Last year saw a £100bn fall in balances saved in easy access accounts, the largest withdrawal recorded since the 2008 financial crisis, new analysis by Coventry Building Society has highlighted.
The society analysed Bank of England figures which also showed that household savings grew by just 2% year-on-year, with an increase of £36bn the lowest level of annual growth seen in 15 years.
Coventry Building Society suggested that yearly figures typically display positive jumps in flexible savings, yet last year, easy access deposits failed to bounce back after a year of higher food and fuel bills as well as persistent cost of living pressures.
As a result, money held in both fixed accounts and ISAs did increase last year as people took advantage of locking in their money at higher rates and tax efficient savings by £71bn (36%) and £47bn (16%), respectively.

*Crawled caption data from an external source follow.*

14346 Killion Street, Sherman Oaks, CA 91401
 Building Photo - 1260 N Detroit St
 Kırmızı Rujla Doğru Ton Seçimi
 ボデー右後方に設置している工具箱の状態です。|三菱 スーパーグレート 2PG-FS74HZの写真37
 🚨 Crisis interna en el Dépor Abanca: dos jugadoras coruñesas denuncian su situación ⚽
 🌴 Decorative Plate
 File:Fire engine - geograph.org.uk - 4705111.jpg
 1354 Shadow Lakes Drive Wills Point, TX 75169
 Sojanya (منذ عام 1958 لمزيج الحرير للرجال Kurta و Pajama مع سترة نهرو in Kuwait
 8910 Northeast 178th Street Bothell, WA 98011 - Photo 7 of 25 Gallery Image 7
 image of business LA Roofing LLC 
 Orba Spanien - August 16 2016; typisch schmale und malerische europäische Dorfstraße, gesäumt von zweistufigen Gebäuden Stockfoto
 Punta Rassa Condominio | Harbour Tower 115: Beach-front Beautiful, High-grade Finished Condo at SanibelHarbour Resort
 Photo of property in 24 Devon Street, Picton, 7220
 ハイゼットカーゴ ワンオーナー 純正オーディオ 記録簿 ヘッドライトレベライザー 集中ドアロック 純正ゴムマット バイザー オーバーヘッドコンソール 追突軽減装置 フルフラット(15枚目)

The statistics also showed that on average, £258bn, a figure equating to over a fifth of all easy access funds, earned no interest throughout 2023, meaning that households missed out on £457 each by simply not checking the rate on their savings and switching to better paying accounts.
Head of strategy at Coventry Building Society, Jeremy Cox, said that UK has “lost its savings habit” after building up a substantial safety net during the pandemic.
“Money in easy access accounts took a drastic downturn as households drew on their day-to-day funds to support spending and higher price rises,” Cox said.
“With over a quarter of a trillion of pounds still languishing in accounts earning 0% interest, households not only felt the savings squeeze, but also lost out on hundreds of pounds worth of interest by not moving the savings they had into better paying accounts. And that’s on top of the impact high inflation had on the amount people can buy with their savings throughout 2023.”
He added: “As the end of tax year approaches, those with larger savings pots need to be mindful of income tax and decide whether moving some of their savings into an ISA is the right move for them, providing a tax efficient way of saving £20,000 a year.
“The Chancellor’s Budget on 6 March may also include measures for savers – so another good reason for people to review their savings plans in the next couple of months.”